Por exemplo: Dogen costumava ir ao riacho que ficava perto de Eihei Ji e pegar um balde de água. Depois que ele pegava o balde de água ele derramava no riacho de volta metade do balde e levava só meio balde. Essa era uma prática espiritual em relação à água, aos recursos, ao que existe, ao que a natureza dá. E fica meio obscuro para um aluno que chega, que pode pensar ‘mas se trouxe meio balde, por que não traz um balde inteiro?’, ‘então vai fazer duas viagens e trazer dois meios baldes? Isso na realidade é absurdo, isso não é eficiente’. Ele não sabe o que estamos procurando. Estamos procurando uma outra coisa completamente diferente. Há muitas coisas que no treinamento zen vão parecer absurdas à primeira vista. Então, o que o aluno tem que fazer? Simplesmente fazer do jeito que foi dito, sem pensar. Esta é a maneira de aprender. Depois que ele dominar aquela técnica, então chega o momento de ele poder fazer alguma alteração. Mas só quem pode fazer alteração é quem dominou a técnica completamente, não quem está chegando. Então no oriente, não se espera que o aluno pergunte, e muito menos que pergunte ‘por que?’, se espera simplesmente que ele quietamente faça conforme foi mostrado, e isso significa abdicar da sua opinião, abdicar do seu eu, e da sua maneira normal de pensar, e deixar para depois.

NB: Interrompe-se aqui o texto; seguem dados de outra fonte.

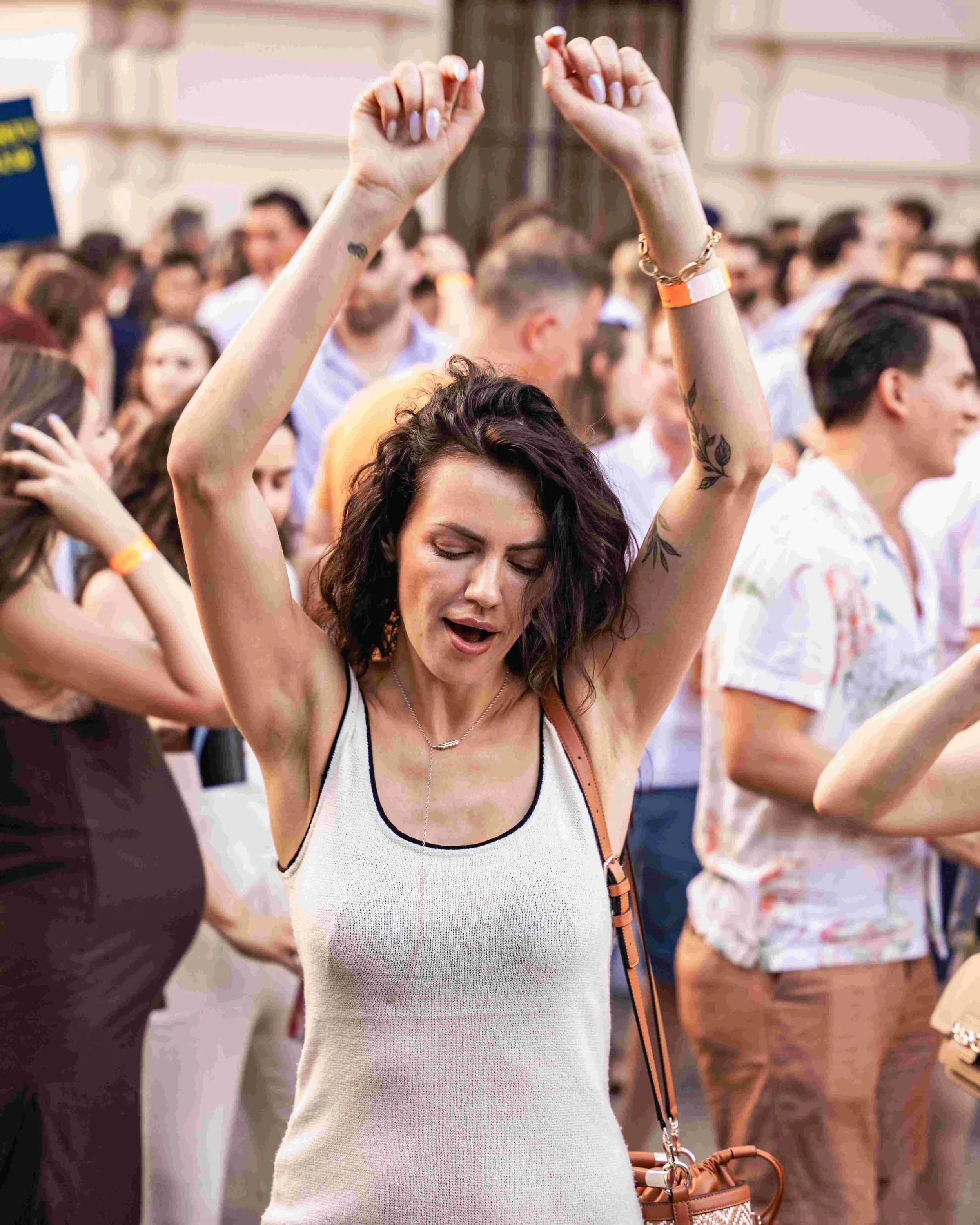 A woman with dark wavy hair and tattoos on her arms is dancing with her eyes closed at a crowded indoor event, raising her arms above her head in a joyful expression.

E pode-se levar muito tempo para perceber por que uma coisa é feita de uma maneira e não de outra.
Você entendeu a resposta, ficou claro? Na sua vida como engenheiro não é para agir assim, na realidade tem que procurar outra maneira de pensar, outro modus operandi, outra maneira de agir, e no caminho espiritual agir completamente diferente. A gente tem que saber mudar o modo, não é para levar este modo para a engenharia, pois na engenharia pode haver uma solução melhor, então a invenção é necessária, a mudança é necessária, o pensamento crítico é necessário, é necessário que esteja bem aceso. Mas quando estamos no caminho espiritual não é a hora para o pensamento crítico ou da invenção.